As a teacher, his style was informal and included humour, while being deprecating with a dead pan seriousness. While being a large in physicality, he was possessed with extensive knowledge of meditation, which he applied during intensive sessions. He did not prefer to be named a guru but rather saw himself as a good friend, always ready to help his students with simple and foolproof tips on meditation.

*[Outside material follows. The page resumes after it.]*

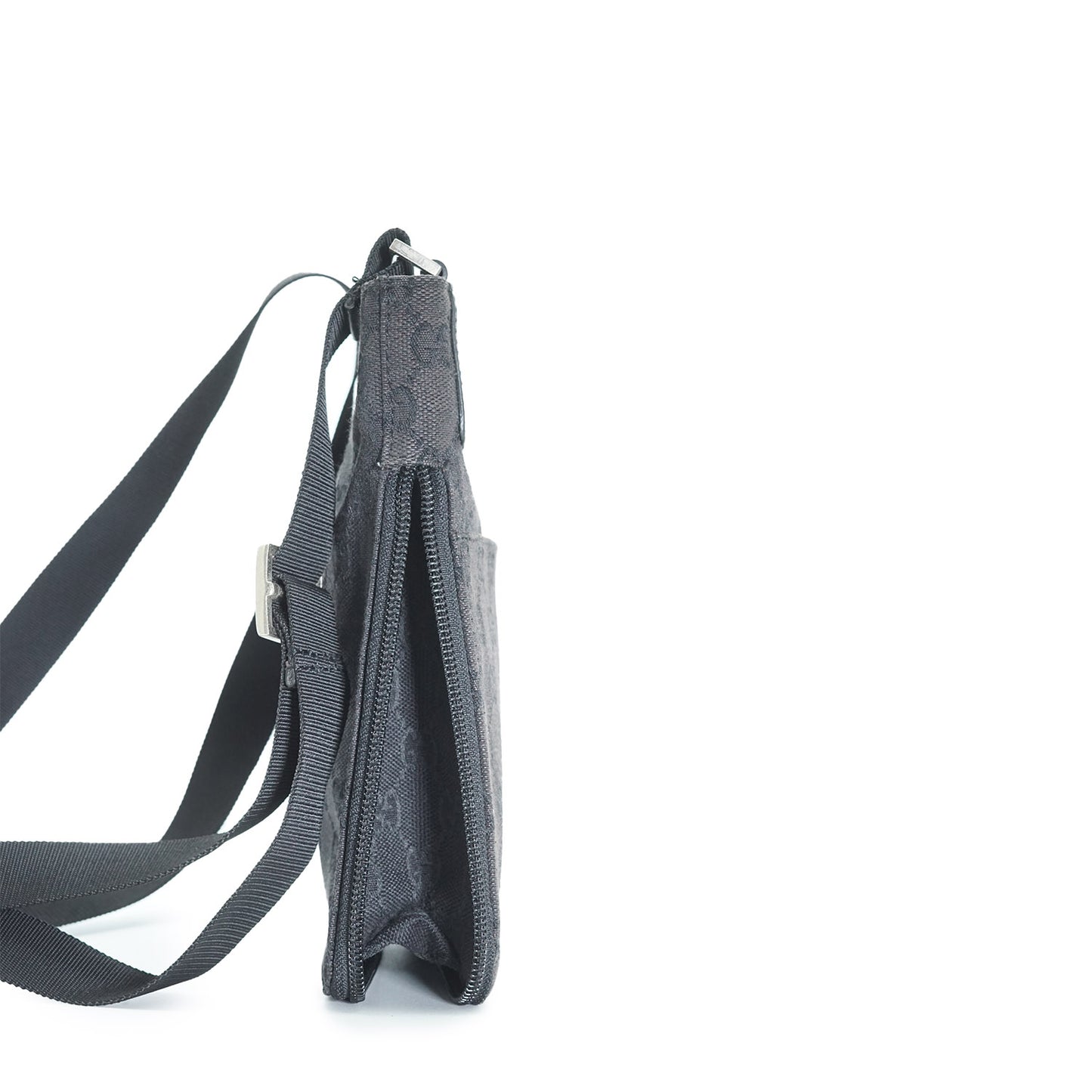 GG Canvas Zip Around Mini Messenger Crossbody Bag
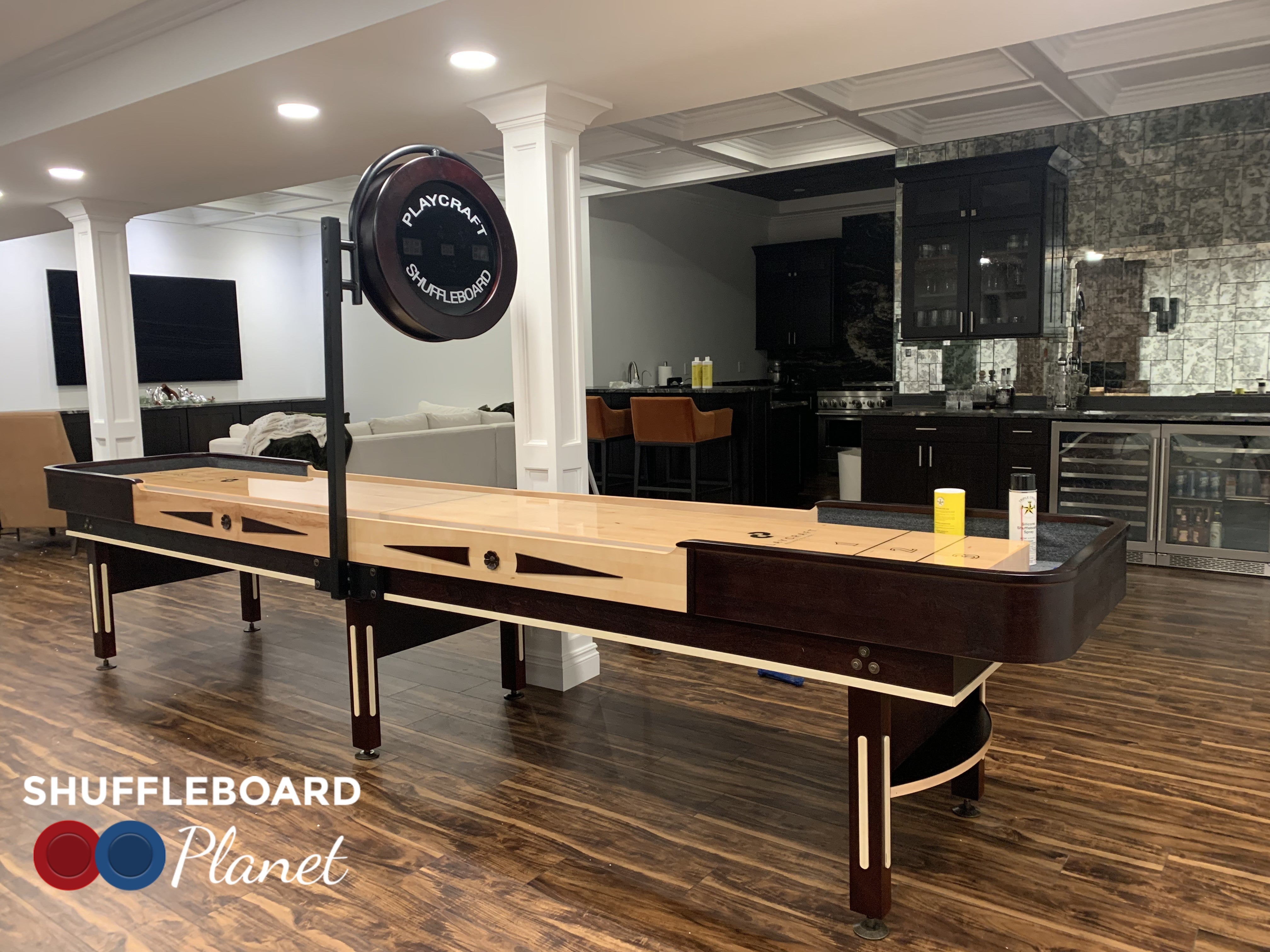 Playcraft Telluride 14' Pro Style Shuffleboard Table in Espresso with optional Overhead Electronic Scoring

== Autobiography and other Books ==

His story and his method of teaching meditation is described in his autobiography "The Quiet Mind" and also the italian version, La Mente Tranquilla. - The important Italian writer, Tiziano Terzani, in one of his best-sellers, Un indovino mi disse, describes his ten day's meditation retreat with Mr. Coleman, in 1993. Also another writer, Tim Parks, describes a course with Coleman as teacher, in his book "Teach Us To Sit Still". Moreover, the Italian writer Emilio Lonardo describes his experience as student of john Coleman in his book "Sulla rotta dei ribelli".

== Death ==
John Coleman was diagnosed with prostate cancer in late 2006. He maintained his composure even facing the final stages of cancer. Months before his death, when meditation students telephoned him, he would joke with them and then talk about meditation. He died on the morning of November 22, 2012 in Cookham, England.